### [EXERCISE GOAL]
Every entry, start to finish, should be printed verbatim without pictures.

### [EXERCISE INPUT]

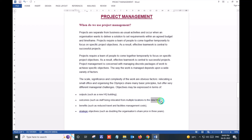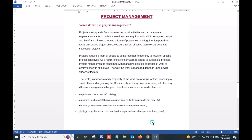For example, an outcome such as staff being relocated from multiple locations to the new headquarters. Other objectives include reducing travel and other costs, or strategic objectives such as doubling an organization's share price in three years.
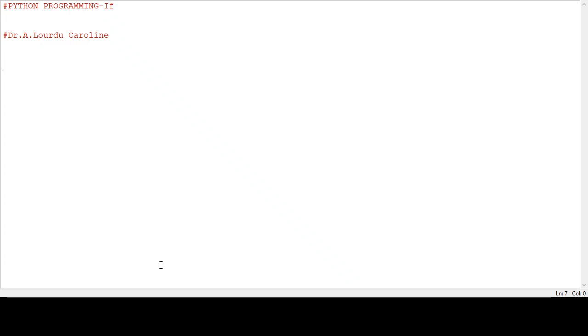Good morning. Now we see about if statement in Python programming. I am Dr. Karolin from San Jose College of Arts and Science at Adon.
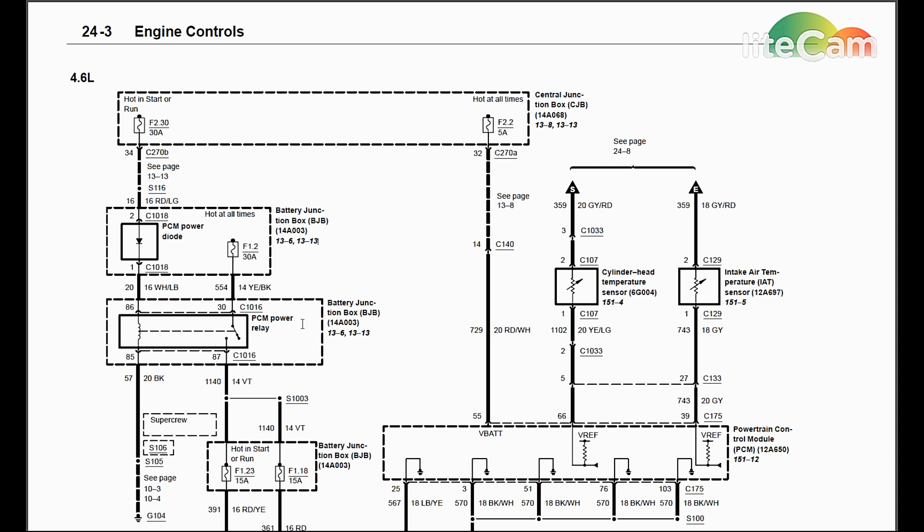Then we're going to move on to the PCM power relay itself, same under hood fuse panel. We're going to make sure these powers are actually getting to it. So at least two of the pins inside there should have power while the key is on, and that's pins 86 and 30 right here. If you don't know which is which, pull the relay out and look at it. It'll tell you exactly on the side. It gives you a little diagram and the bottom has the pin numbers there also, so you just kind of match it up.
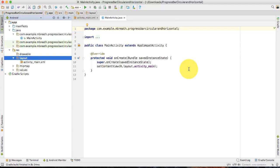Hi, this is Lachami Kantivari and welcome back to your new video tutorial. In this video tutorial, I am gonna show you how you can create a circular progress bar.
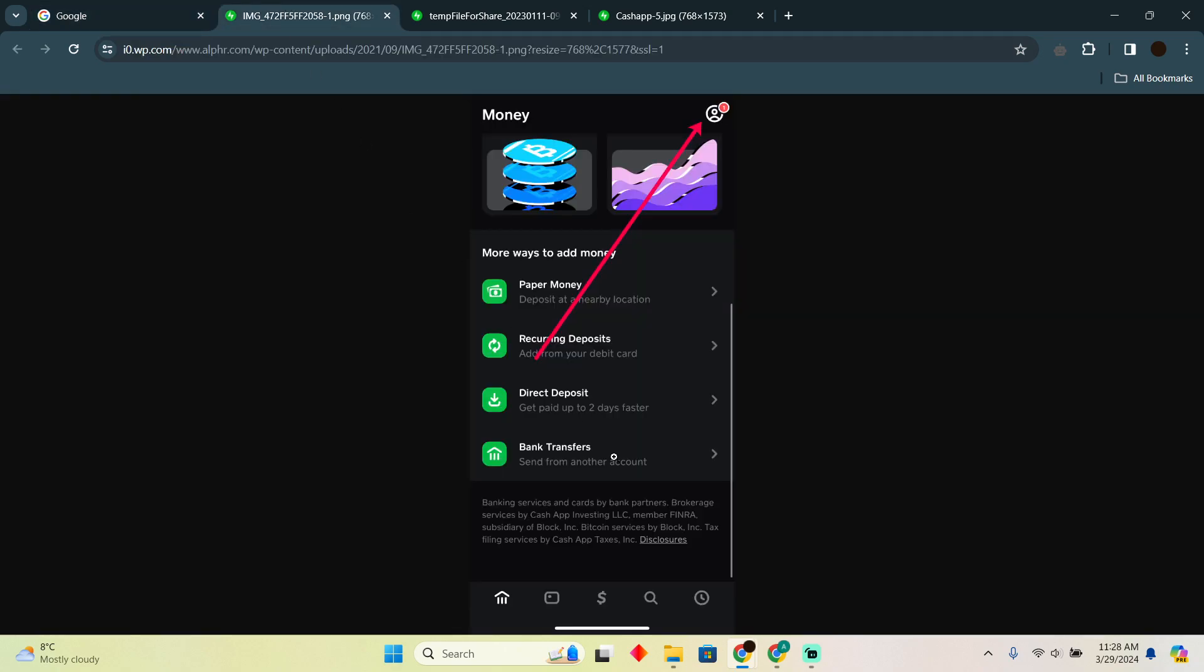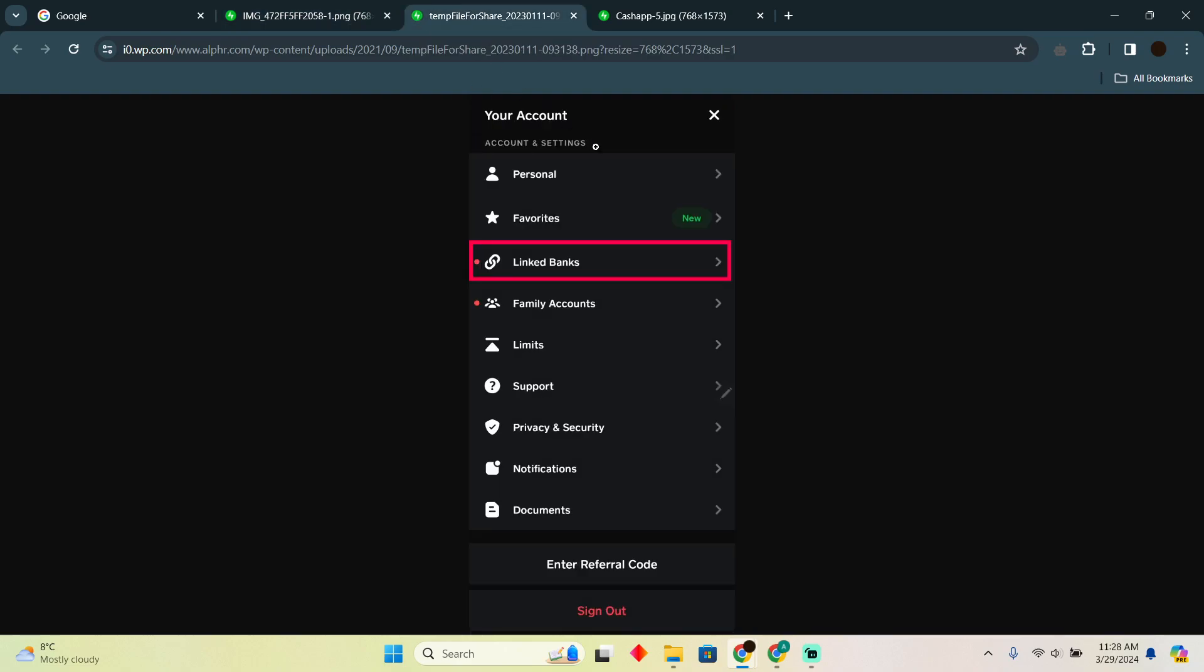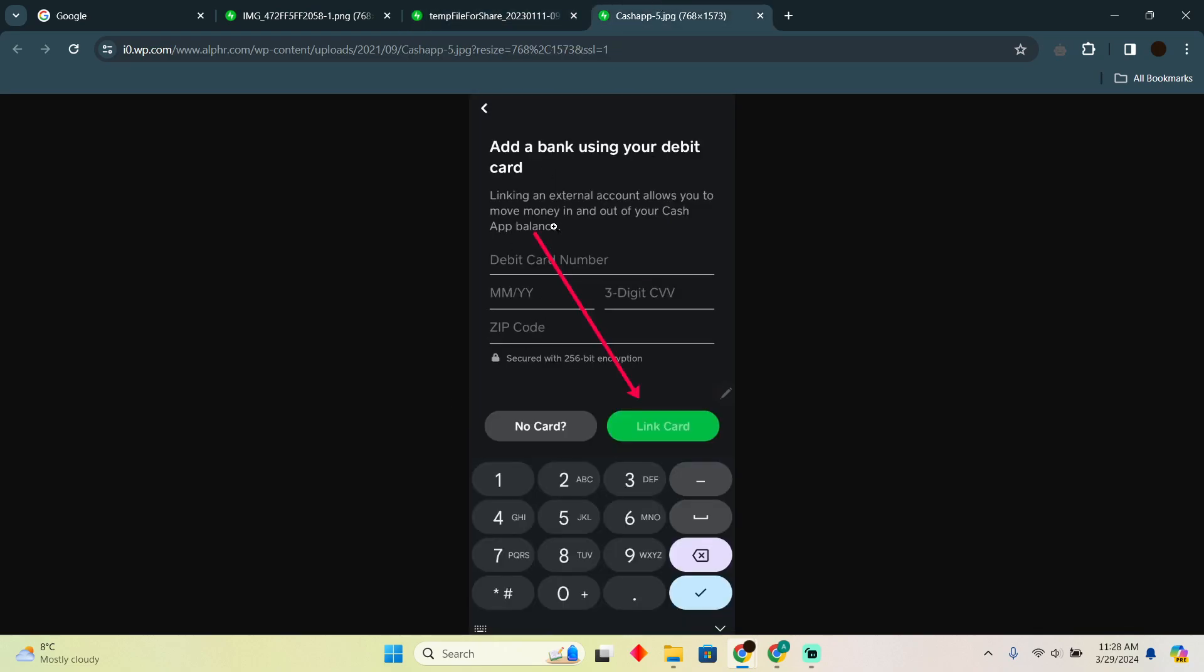Open up your Cash App application. In your Cash App, go to your home and tap on the profile icon. After tapping on the profile icon, you'll see these options. Tap on Link Bank Accounts.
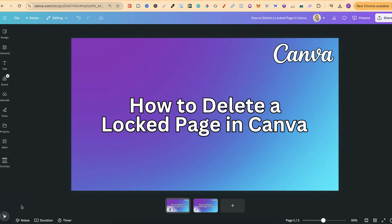In this tutorial, I'm going to show you how to delete a locked page here in Canva. Now I'm also going to show you three different ways because there's three different layouts when it comes to Canva.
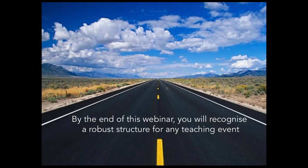The purpose of this session is to build on some of the things I was talking about in an earlier session on useful principles of adult learning, and to consider ways in which it is possible to create and recognise a robust structure for any teaching event. By any teaching event, I mean more or less any modality — from being the sole presenter in a lecture, to running small groups, workshops, role plays, simulations, and so on.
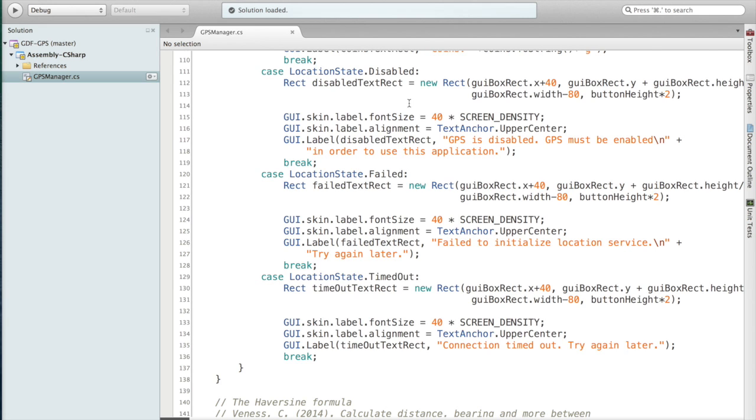If initialization failed, then we tell the user that and try again later. If we timed out, we tell them that connection timed out and to try again later. And that's it.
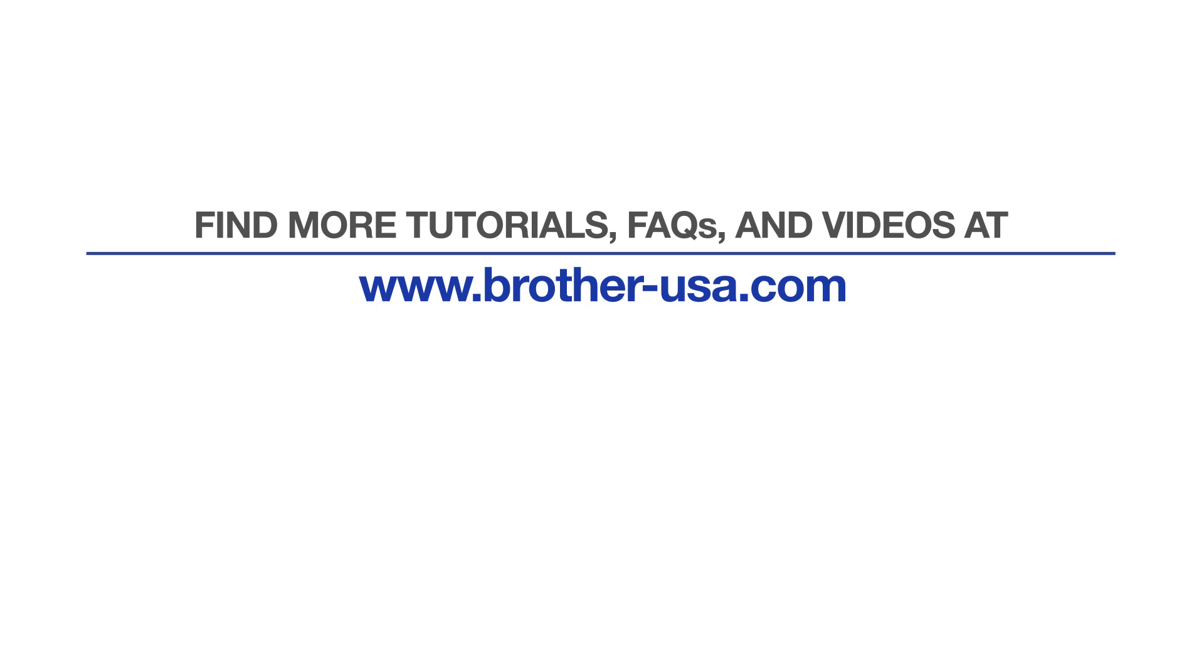For more tutorials, FAQs, and videos, visit us at brother-usa.com. If you found this video helpful, be sure to subscribe. Thank you for choosing Brother.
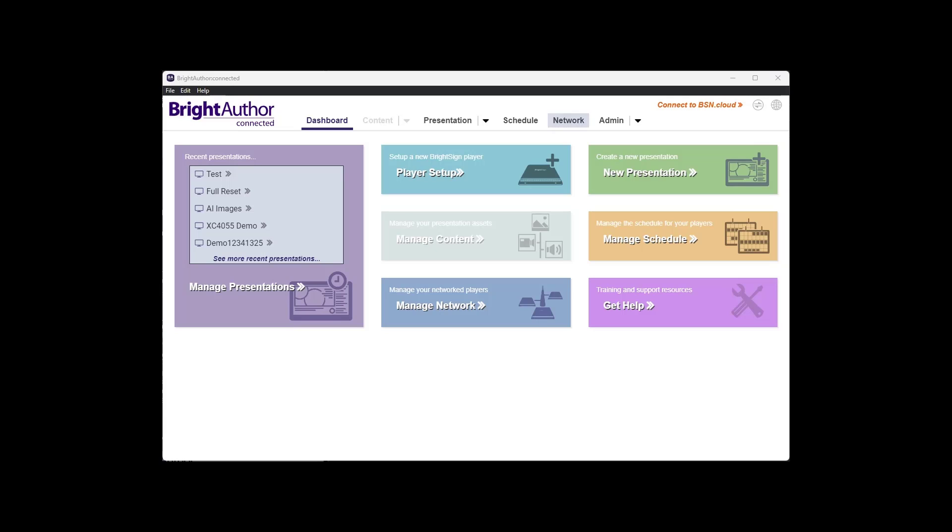Okay, check, check. To set up your player as a standalone device, download our software from our website and just open it up.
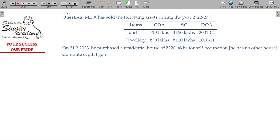Section 54F variant in the question. Let us see. Mr. X sold the following assets.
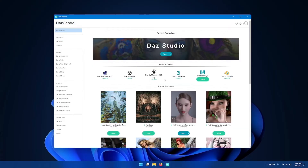In this video I'm going to go over how to install and configure the Daz to Maya bridge for Daz Studio. Starting from Daz Central, find the Daz to Maya bridge icon and click install.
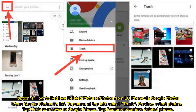Option four: how to retrieve deleted pictures or photos from LG phone via Google Photos. Open Google Photos on LG, tap the menu at top left, select Trash, preview and select photos. Tap Undo to recover to Google Photos, or tap Restore to retrieve deleted photos.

### [OUTPUT]
For example, an outcome such as staff being relocated from multiple locations to the new headquarters. Other objectives include reducing travel and other costs, or strategic objectives such as doubling an organization's share price in three years.
Good morning. Now we see about if statement in Python programming. I am Dr. Karolin from San Jose College of Arts and Science at Adon.
Then we're going to move on to the PCM power relay itself, same under hood fuse panel. We're going to make sure these powers are actually getting to it. So at least two of the pins inside there should have power while the key is on, and that's pins 86 and 30 right here. If you don't know which is which, pull the relay out and look at it. It'll tell you exactly on the side. It gives you a little diagram and the bottom has the pin numbers there also, so you just kind of match it up.
Hi, this is Lachami Kantivari and welcome back to your new video tutorial. In this video tutorial, I am gonna show you how you can create a circular progress bar.
Open up your Cash App application. In your Cash App, go to your home and tap on the profile icon. After tapping on the profile icon, you'll see these options. Tap on Link Bank Accounts.
In this tutorial, I'm going to show you how to delete a locked page here in Canva. Now I'm also going to show you three different ways because there's three different layouts when it comes to Canva.
The purpose of this session is to build on some of the things I was talking about in an earlier session on useful principles of adult learning, and to consider ways in which it is possible to create and recognise a robust structure for any teaching event. By any teaching event, I mean more or less any modality — from being the sole presenter in a lecture, to running small groups, workshops, role plays, simulations, and so on.
If initialization failed, then we tell the user that and try again later. If we timed out, we tell them that connection timed out and to try again later. And that's it.
For more tutorials, FAQs, and videos, visit us at brother-usa.com. If you found this video helpful, be sure to subscribe. Thank you for choosing Brother.
Okay, check, check. To set up your player as a standalone device, download our software from our website and just open it up.
Section 54F variant in the question. Let us see. Mr. X sold the following assets.
In this video I'm going to go over how to install and configure the Daz to Maya bridge for Daz Studio. Starting from Daz Central, find the Daz to Maya bridge icon and click install.
Option four: how to retrieve deleted pictures or photos from LG phone via Google Photos. Open Google Photos on LG, tap the menu at top left, select Trash, preview and select photos. Tap Undo to recover to Google Photos, or tap Restore to retrieve deleted photos.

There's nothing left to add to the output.